Why does Java HotSpot can not optimize array instance after one-time resizing (leads to massive performance loss)?

Question

Why is the use of fBuffer1 in the attached code example (SELECT_QUICK = true) double as fast as the other variant when fBuffer2 is resized only once at the beginning (SELECT_QUICK = false)?

The code path is absolutely identical but even after 10 minutes the throughput of fBuffer2 does not increase to this level of fBuffer1.

Background:

We have a generic data processing framework that collects thousands of Java primitive values in different subclasses (one subclass for each primitive type). These values are stored internally in arrays, which we originally sized sufficiently large. To save heap memory, we have now switched these arrays to dynamic resizing (arrays grow only if needed). As expected, this change has massively reduce the heap memory. However, on the other hand the performance has unfortunately degenerated significantly. Our processing jobs now take 2-3 times longer as before (e.g. 6 min instead of 2 min as before).

I have reduced our problem to a minimum working example and attached it. You can choose with SELECT_QUICK which buffer should be used. I see the same effect with jdk-1.8.0_202-x64 as well as with openjdk-17.0.1-x64.

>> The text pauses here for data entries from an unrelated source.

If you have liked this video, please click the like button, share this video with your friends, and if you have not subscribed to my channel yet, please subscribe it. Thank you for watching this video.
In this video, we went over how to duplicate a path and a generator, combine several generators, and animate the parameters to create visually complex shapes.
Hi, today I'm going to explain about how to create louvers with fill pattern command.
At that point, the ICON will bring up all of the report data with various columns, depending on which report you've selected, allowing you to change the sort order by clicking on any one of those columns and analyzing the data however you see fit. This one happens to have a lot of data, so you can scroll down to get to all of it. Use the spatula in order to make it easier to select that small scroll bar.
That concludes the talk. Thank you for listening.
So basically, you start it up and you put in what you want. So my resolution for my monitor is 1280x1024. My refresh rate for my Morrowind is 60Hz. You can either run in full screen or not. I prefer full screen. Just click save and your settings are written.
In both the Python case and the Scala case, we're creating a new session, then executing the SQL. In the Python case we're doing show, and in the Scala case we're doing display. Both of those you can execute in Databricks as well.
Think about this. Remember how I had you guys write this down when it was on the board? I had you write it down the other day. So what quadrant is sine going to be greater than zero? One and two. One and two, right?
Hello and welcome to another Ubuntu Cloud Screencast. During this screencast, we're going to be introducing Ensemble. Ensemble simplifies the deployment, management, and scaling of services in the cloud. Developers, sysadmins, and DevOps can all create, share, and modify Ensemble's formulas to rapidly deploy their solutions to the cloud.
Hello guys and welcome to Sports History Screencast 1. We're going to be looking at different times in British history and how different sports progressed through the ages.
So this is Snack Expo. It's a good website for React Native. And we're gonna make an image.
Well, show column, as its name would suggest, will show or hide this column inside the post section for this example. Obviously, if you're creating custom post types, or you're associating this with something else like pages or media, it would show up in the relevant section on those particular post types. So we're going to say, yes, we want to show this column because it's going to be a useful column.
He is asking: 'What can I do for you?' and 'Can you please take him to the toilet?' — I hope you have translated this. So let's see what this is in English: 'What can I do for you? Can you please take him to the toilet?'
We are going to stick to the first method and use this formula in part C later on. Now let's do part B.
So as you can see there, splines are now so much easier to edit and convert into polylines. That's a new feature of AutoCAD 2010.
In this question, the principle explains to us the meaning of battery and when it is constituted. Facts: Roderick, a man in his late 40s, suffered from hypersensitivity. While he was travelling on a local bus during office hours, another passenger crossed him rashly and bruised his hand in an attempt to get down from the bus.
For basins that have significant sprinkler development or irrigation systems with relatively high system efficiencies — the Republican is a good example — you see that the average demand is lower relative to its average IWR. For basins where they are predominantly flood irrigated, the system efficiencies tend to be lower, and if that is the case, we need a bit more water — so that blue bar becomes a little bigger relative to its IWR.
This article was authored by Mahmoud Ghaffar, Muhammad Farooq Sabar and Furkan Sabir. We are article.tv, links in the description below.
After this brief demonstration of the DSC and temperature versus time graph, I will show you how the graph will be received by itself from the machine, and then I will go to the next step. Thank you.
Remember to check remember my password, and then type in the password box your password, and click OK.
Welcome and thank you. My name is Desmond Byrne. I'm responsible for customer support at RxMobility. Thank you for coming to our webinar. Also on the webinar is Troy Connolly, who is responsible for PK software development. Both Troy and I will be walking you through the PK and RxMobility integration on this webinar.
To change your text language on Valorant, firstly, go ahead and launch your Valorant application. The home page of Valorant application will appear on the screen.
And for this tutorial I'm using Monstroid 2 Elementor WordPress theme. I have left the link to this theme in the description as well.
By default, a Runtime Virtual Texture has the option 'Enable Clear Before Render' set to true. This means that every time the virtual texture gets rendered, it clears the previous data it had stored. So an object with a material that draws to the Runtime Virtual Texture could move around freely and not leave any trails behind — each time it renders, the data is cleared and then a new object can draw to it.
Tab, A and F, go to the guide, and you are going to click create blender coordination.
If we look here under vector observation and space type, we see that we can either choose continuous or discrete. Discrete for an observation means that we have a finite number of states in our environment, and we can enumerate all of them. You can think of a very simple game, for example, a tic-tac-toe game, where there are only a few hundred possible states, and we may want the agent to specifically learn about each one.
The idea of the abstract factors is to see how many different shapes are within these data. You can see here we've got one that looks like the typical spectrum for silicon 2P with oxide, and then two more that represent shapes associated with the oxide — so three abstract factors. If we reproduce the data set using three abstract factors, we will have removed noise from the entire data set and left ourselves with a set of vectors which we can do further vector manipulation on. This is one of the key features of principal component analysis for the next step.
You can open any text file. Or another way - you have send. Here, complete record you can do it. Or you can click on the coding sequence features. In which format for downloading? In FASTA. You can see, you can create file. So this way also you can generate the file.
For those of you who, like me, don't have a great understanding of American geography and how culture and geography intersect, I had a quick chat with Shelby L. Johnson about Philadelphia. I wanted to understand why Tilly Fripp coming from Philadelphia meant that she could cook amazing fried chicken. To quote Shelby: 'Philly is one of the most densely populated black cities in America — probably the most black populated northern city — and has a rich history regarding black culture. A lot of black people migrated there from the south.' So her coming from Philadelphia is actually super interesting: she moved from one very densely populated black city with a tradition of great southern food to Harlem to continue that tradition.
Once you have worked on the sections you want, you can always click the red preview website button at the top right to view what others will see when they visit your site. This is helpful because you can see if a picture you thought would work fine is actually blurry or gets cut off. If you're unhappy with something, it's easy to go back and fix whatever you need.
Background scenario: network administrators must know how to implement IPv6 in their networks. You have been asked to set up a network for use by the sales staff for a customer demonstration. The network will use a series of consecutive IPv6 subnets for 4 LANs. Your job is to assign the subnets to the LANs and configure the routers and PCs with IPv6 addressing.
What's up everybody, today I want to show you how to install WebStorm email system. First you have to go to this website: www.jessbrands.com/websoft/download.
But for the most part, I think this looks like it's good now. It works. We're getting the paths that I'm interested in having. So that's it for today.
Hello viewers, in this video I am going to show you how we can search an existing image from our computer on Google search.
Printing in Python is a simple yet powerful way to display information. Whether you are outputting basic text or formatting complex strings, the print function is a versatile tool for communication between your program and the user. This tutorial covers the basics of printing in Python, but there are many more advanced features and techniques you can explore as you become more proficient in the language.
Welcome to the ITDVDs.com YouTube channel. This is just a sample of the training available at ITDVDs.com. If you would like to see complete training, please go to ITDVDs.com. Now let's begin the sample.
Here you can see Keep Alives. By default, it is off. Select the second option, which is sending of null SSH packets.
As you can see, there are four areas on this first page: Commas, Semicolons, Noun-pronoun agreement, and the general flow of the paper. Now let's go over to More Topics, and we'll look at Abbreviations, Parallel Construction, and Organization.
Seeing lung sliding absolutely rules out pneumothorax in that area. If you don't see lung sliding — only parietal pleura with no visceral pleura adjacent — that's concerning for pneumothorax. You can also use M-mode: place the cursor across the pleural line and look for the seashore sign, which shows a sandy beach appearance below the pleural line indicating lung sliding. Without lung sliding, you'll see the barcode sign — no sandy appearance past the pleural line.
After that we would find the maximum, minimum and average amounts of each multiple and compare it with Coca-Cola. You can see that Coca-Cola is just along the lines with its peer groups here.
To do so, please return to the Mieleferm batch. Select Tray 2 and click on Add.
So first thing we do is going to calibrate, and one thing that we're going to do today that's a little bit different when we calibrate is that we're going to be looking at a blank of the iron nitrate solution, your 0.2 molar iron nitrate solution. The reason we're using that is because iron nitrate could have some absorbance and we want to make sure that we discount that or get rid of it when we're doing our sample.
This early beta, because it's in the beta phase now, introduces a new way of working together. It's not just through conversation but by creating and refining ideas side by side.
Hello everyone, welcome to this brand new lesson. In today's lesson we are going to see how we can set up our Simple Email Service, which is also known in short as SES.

Buffer 1 (is not resized) shows the following numbers:

duration buf1: 8,890.551ms (8.9s)
duration buf1: 8,339.755ms (8.3s)
duration buf1: 8,620.633ms (8.6s)
duration buf1: 8,682.809ms (8.7s)
...

Buffer 2 (is resized exactly 1 time at the beginning) shows the following numbers:

make buffer 2 larger
duration buf2 (resized): 19,542.750ms (19.5s)
duration buf2 (resized): 22,423.529ms (22.4s)
duration buf2 (resized): 22,413.364ms (22.4s)
duration buf2 (resized): 22,219.383ms (22.2s)
...

I would really appreciate to get some hints, how I can change the code so that fBuffer2 (after resizing) works as fast as fBuffer1. The other way round (make fBuffer1 as slow as fBuffer2) is pretty easy. ;-) Since this problem is placed in some framework-like component I would prefer to change the code instead of tuning the hotspot (with external arguments). But of course, suggestions in both directions are very welcome.

Source Code

import java.util.Locale;

public final class Collector {

    private static final boolean SELECT_QUICK = true;

    private static final long LOOP_COUNT = 50_000L;
    private static final int VALUE_COUNT = 150_000;
    private static final int BUFFER_LENGTH = 100_000;

    private final Buffer fBuffer = new Buffer();

    public void reset() {fBuffer.reset();}
    public void addValueBuf1(long val) {fBuffer.add1(val);}
    public void addValueBuf2(long val) {fBuffer.add2(val);}

    public static final class Buffer {

        private int fIdx = 0;
        private long[] fBuffer1 = new long[BUFFER_LENGTH * 2];
        private long[] fBuffer2 = new long[BUFFER_LENGTH];

        public void reset() {fIdx = 0;}

        public void add1(long value) {
            ensureRemainingBuf1(1);
            fBuffer1[fIdx++] = value;
        }

        public void add2(long value) {
            ensureRemainingBuf2(1);
            fBuffer2[fIdx++] = value;
        }

        private void ensureRemainingBuf1(int remaining) {
            if (remaining > fBuffer1.length - fIdx) {
                System.out.println("make buffer 1 larger");
                fBuffer1 = new long[(fIdx + remaining) << 1];
            }
        }

        private void ensureRemainingBuf2(int remaining) {
            if (remaining > fBuffer2.length - fIdx) {
                System.out.println("make buffer 2 larger");
                fBuffer2 = new long[(fIdx + remaining) << 1];
            }
        }

    }

    public static void main(String[] args) {
        Locale.setDefault(Locale.ENGLISH);
        final Collector collector = new Collector();
        if (SELECT_QUICK) {
            while (true) {
                final long start = System.nanoTime();
                for (long j = 0L; j < LOOP_COUNT; j++) {
                    collector.reset();
                    for (int k = 0; k < VALUE_COUNT; k++) {
                        collector.addValueBuf1(k);
                    }
                }
                final long nanos = System.nanoTime() - start;
                System.out.printf("duration buf1: %1$,.3fms (%2$,.1fs)%n",
                    nanos / 1_000_000d, nanos / 1_000_000_000d);
            }
        } else {
            while (true) {
                final long start = System.nanoTime();
                for (long j = 0L; j < LOOP_COUNT; j++) {
                    collector.reset();
                    for (int k = 0; k < VALUE_COUNT; k++) {
                        collector.addValueBuf2(k);
                    }
                }
                final long nanos = System.nanoTime() - start;
                System.out.printf("duration buf2 (resized): %1$,.3fms (%2$,.1fs)%n",
                    nanos / 1_000_000d, nanos / 1_000_000_000d);
            }
        }
    }

}

Solution

JIT compilation in HotSpot JVM is 1) based on runtime profile data; 2) uses speculative optimizations.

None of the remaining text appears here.